Guo's teammate Ai Dongmei also drew headlines last month when she went online and offered to sell her medal collection to support her family.

She and her husband, another former athlete, have been making ends meet by hawking popcorn and cheap clothes on the street for a few dollars a day.

"I regret bringing her into this sport," said Ai's uncle Ai Jingzhi, also a former runner, who recalled that the only job offer he got after retirement was as a furnace cleaner. "If she hadn't become a runner, she might have gone to school and learned something useful to support herself."

Guo said she envied Ai. At least she has a family and is scraping by.

The 30-year-old says she would love to get married and find a job. But she says no one wants her because of her feet, so deformed she can't walk more than 10 minutes without sitting down.

"You have to walk just to go on a date," Guo said. "I walk with a limp and when I tell them why, they all just want to break up. We live in a practical world. No one wants to marry a cripple who can't walk or work."

During her prime, there were admirers. Once after a competition, a young man from another team walked up to say how well she had run. But speaking to strangers was against the rules. Her coach beat her so hard with his slippers that she went into the next day's match with thighs that had turned black and blue.
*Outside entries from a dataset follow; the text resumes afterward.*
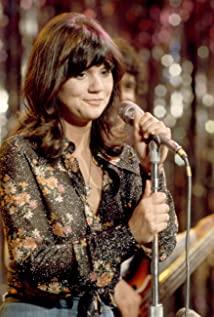 Linda Ronstadt image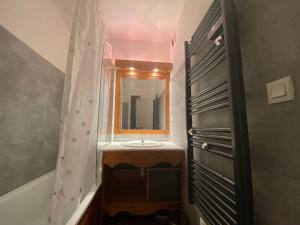 Kúpeľňa v ubytovaní Au Bachat-Bouloud, appartement 3 pièces 6 personnes avec balcon plein Sud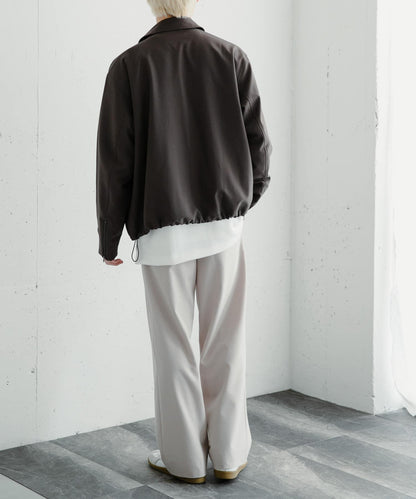 可搭配套裝雙口袋抽繩短夾克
Another time, she said, the coach beat her for two hours straight for slamming a door.

"We were all petrified of our coach," Guo said. "Just saying his name makes me sweat."

Many teammates quit or ran away. But Guo stayed, not knowing anything else but her sport.

"We would get up at 4 in the morning in the summers and 5 in the winters. We would run up and down hills, sometimes 40 miles a day," Guo said. "For food we ate rotten vegetables and rarely any meat. We got to go home only once in five years. No one dared to complain for fear of being beaten."

A father in tears

When her feet hurt so much that she couldn't walk or pull on her shoes, she said, her coach simply gave her more shots to numb the pain and told her to keep on running. Now the bones of her toes are so deformed that she doesn't dare go sockless or buy shoes in public.

"My father rarely sheds a tear, but when he saw my feet, he was bawling," said Guo, who lives with her parents. They make about $30 a month and had to borrow money so she could get treatment for a heart condition and other problems she said are related to years of harsh training.

"I became a runner thinking one day I can take better care of my parents. Now I am a burden on them."

She has thought about ending her life. But that would mean letting the coach off the hook. So she decided to fight for her $6,000, her best hope of starting anew.

It might not be possible.

"That money has already been spent on her and all the other athletes," said Zhang Julei, the coach's lawyer. "I will prove in court that Coach Wang did not use any of it for himself."